The Groningen-based company will be the first in Europe to face criminal charges for beaching vessels.
According to the prosecution office, the Seatrade Group is facing fines of up to EUR 2.35 million (around USD 2.9 million) for breaking up ships on beaches in India and Turkey in violation of the European Waste Shipment Regulations.
A six-month prison sentence for three of Seatrade’s top executives is also being considered.
All four vessels departed on their last voyage to the breaking yards from the ports of Rotterdam and Hamburg in the spring of 2012.
Ships sailing to their final destination on their own contain large quantities of hazardous substances such as bunker oil, lubricating oil, PCBs and asbestos.

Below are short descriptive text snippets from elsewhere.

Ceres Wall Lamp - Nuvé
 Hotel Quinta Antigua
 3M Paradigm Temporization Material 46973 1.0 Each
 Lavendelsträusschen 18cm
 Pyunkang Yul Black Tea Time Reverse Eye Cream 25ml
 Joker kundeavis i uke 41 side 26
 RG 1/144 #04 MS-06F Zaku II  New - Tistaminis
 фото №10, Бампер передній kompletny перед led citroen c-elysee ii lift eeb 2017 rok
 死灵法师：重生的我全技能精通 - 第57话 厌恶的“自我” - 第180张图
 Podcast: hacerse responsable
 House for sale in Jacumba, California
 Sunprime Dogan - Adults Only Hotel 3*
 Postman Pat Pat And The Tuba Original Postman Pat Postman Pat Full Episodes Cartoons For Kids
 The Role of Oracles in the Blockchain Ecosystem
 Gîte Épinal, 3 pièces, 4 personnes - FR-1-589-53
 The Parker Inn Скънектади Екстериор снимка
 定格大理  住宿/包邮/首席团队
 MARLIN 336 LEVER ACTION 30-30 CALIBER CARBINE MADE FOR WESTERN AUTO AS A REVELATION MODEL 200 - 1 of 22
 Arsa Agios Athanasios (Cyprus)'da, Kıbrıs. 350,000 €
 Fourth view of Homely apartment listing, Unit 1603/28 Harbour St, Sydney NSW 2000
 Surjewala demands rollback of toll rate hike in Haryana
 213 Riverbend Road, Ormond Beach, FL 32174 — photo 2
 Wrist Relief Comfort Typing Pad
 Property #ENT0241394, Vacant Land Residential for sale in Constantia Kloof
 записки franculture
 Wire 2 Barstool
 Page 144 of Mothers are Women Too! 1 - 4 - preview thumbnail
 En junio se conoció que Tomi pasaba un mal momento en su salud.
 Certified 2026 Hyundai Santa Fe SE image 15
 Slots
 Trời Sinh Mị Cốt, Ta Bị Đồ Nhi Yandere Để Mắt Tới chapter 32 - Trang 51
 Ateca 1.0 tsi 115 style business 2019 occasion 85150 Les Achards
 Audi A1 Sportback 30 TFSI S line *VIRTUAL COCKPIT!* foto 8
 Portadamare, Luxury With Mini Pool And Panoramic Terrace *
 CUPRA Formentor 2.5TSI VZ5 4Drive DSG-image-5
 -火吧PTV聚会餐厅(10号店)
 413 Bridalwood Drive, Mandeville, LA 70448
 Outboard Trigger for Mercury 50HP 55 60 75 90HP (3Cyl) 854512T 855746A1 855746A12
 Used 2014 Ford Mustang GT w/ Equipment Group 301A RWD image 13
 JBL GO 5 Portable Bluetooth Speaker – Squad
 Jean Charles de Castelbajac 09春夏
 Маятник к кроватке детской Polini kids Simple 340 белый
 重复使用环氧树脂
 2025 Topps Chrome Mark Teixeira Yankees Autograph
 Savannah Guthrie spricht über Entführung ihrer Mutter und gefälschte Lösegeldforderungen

The ships in question were refrigerated vessels, which means they also contain HCFCs. As these hazardous substances were not removed from the ships their sale to India, Bangladesh and Turkey was illegal, the prosecution office said.
The two 1984-built reefers, Spring Bear and Spring Bob ended up at Indian and Bangladeshi breakers respectively.
The 1984-built Spring Panda and Spring Deli were demolished at shipyards in Turkey.
Breaking yards in , Bangladesh and India are infamous for their dangerous working conditions, especially with respect to the removal of hazardous waste. They don’t have the required facilities, meaning that chemical waste, including asbestos, is often dumped at the site.
Seatrade sold the ships via the company Baltic Union Shipbrokers to cash-buyer GMS.
It is thought their decision to use a cash buyer rather than recycling the ships in a safe way, was for financial gain.
Ingvild Jenssen, Founder and Director of the NGO Shipbreaking Platform said:
“Despite ongoing criminal investigations, Seatrade sold two more ships – the Sina and Ellan – for dirty and dangerous breaking on the beach in Alang, India, in August 2017,”
“This case adds itself to the growing demand, including from investors and major shipping banks, for better ship recycling practices.”
Authorities in Norway, Belgium, and the UK will be paying close attention to the verdict of the case. Similar cases are currently being investigated there, involving shipping companies such as Maersk and CMB, as well as the world’s largest cash-buyers GMS and Wirana.
The case is being heard in a Rotterdam Court this week.